Paper Title
ENHANCING PREDICTIVE MAINTENANCE WITH SHAP AND LIME: A FRAMEWORK FOR EXPLAINABLE AI

Abstract
One of the most important strategies for reducing machine downtime and increasing operational effectiveness in industrial settings is predictive maintenance. Traditional machine learning models may forecast equipment failures with great accuracy, but their interpretability is generally limited by their complexity, which presents problems in high-stakes situations when explainability is crucial.
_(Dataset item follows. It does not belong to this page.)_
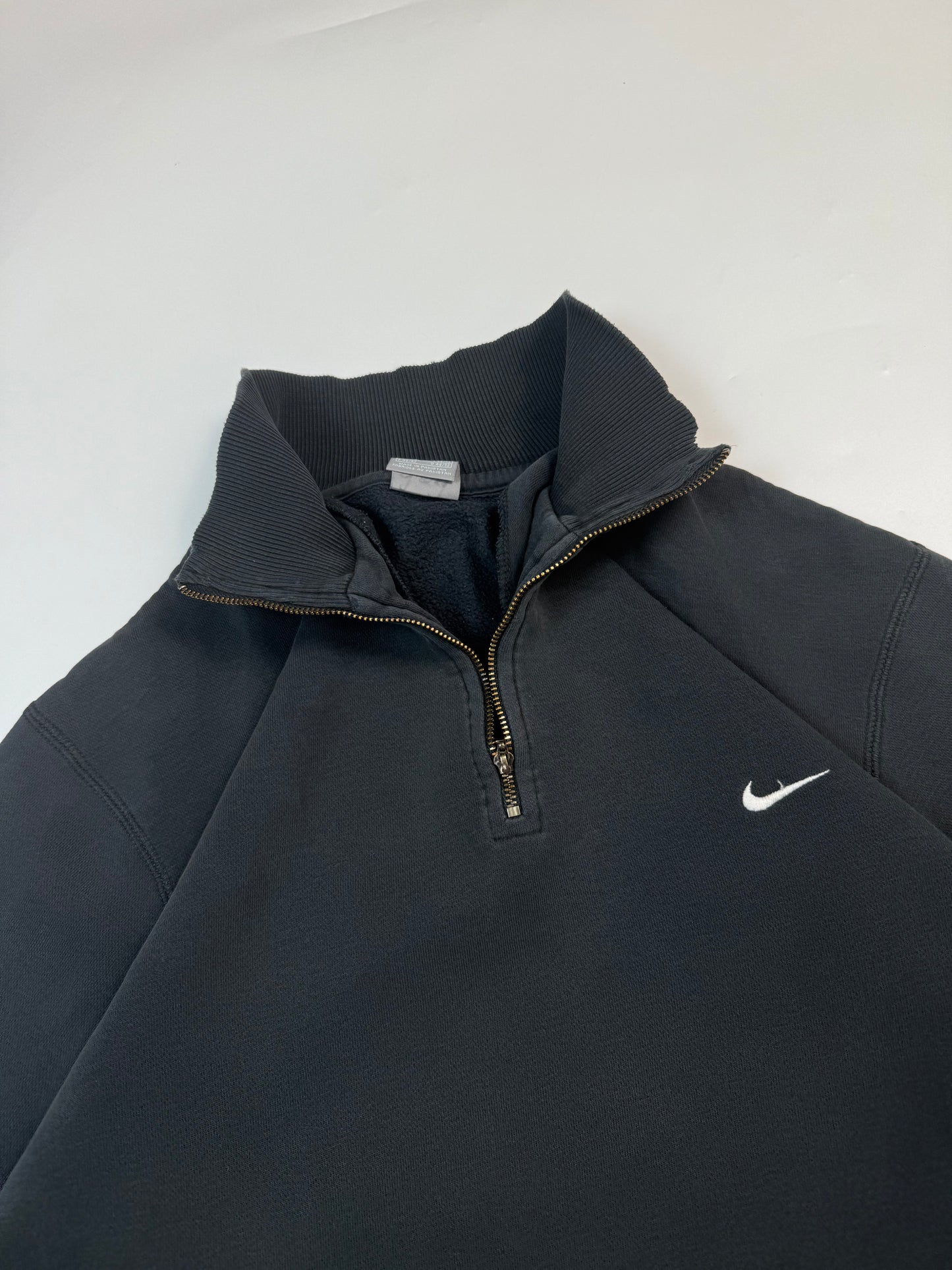Vintage Nike mini swoosh quarter zip sweatshirt (M)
In order to improve predictive maintenance, this study integrates two cutting-edge explainable AI techniques: SHAP (SHapley Additive exPlanations) and LIME (Local Interpretable Model-Agnostic Explanations). The framework enables maintenance engineers to comprehend the critical elements influencing each prediction in addition to making highly accurate failure predictions by applying these techniques to actual industrial datasets. The results we obtain show how well this strategy works to improve decision-making, offer clear, useful insights, and build confidence in AI-driven maintenance solutions. The implications for industrial AI, model interpretability, and future possibilities for improving explainable predictive maintenance systems are discussed in the paper's conclusion. Keywords - SHAP(Shapley Additive exPlanations),LIME(Local Interpretable Model-Agnostic Explanations), Predictive maintenance (PdM), Explainable AI (XAI) , Black-box , Remaining Useful Life(RUL) , ROC(Receiver Operating Characteristic curve),AUC(Area Under the Curve), Logistic Regression model, DecisionTree Classifier, Random Forest Model.